Jennifer Ose-MacDonald, one of the applicants for the tavern, told the board that this is phase one of the project to open the restaurant and a 10-room hotel in the building. The application for the lodging space has not yet been submitted. She said it was all one project in two phases.
She and co-applicant Jake Samascott came to the meeting with detailed plans for the restaurant and several people at the public hearing said they supported the Dutch Inn opening again. One resident and business owner in the village, Barry Herbold, said that “the demise” of the village commercial district “is due in large part to the Dutch Inn” closing several years ago.
Mayor Jim Dunham said at the meeting that part of the issue when the Dutch Inn closed was that the village did not have a sewer system. In 2012 the village received state and federal grants and loans to connect the business district along Route 9 to the Valatie sewer system. Mayor Dunham pointed out that part of the grant required that the project create 37 new jobs in the village, which the Village Board at the time assumed would be at the Dutch Inn when it reopened. He said the jobs were found in other businesses opening in the village and now there is sewer line the Dutch Inn property can connect to.
He also said that the board was planning to change the law on hotels having off-street parking. Currently in village law, businesses in the business district are not required to have off-street parking for employees and customers, but the law does not mention hotels and bed-and-breakfast establishments. The Village Board plans to change the law so that when those types of businesses open in the village they too will not have to find parking on their property.

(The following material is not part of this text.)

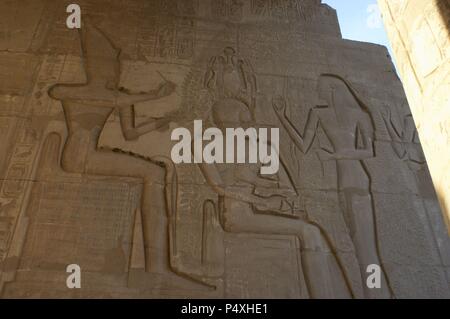 Ramesseum. Rilievo raffigurante il faraone Ramses II prima dio Seshat. Xiii secolo A.C. Xix dinastia. Nuovo Regno. Necropoli di Tebe. La Valle dei Re. L'Egitto. Foto Stock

One resident, who said she has lived in the village for 40 years, told the public hearing that when the Dutch Inn was open, patrons blocked her driveway. She said she supported the business opening, but “parking will be a concern.”

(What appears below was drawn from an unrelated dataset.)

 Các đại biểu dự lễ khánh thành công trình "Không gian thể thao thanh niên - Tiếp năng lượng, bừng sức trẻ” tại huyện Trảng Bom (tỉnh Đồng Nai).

Village Planning Board member Bruce Charbonneau asked the meeting audience of more than 40 people to raise their hands if they supported the Three Sisters/Dutch Inn application; the vast majority of the room did so.
The other application that the board discussed without reaching a consensus was submitted by Paul Calcagno for a bed-and-breakfast (B&B) across the street from the Dutch Inn. Mr. Calcagno’s property is in a residential zone, though he pointed out that having a B&B is a permitted use in that area. Mr. Herbold said he supported it.
After the public hearings were closed, Planning Board chair Abram Van Alstyne read a letter from neighbors of the property who did not support the application, saying that the house was a private home before Mr. Calcagno planned to put a business in the space and that because Broad Street Bagels, owned by Mr. Calcagno’s family members, is next door to the property, there is “commercial trespass” into the residential zone. The letter says they have concerns about picnic tables meant for the B&B that are being used by customers at the bagel shop, which the letter said was not consistent with the residential area. The letter also claimed that cooking for the proposed B&B was going to be done at the bagel shop, which is not part of the state requirements for a B&B. Opponents also took issue with the parking at the site.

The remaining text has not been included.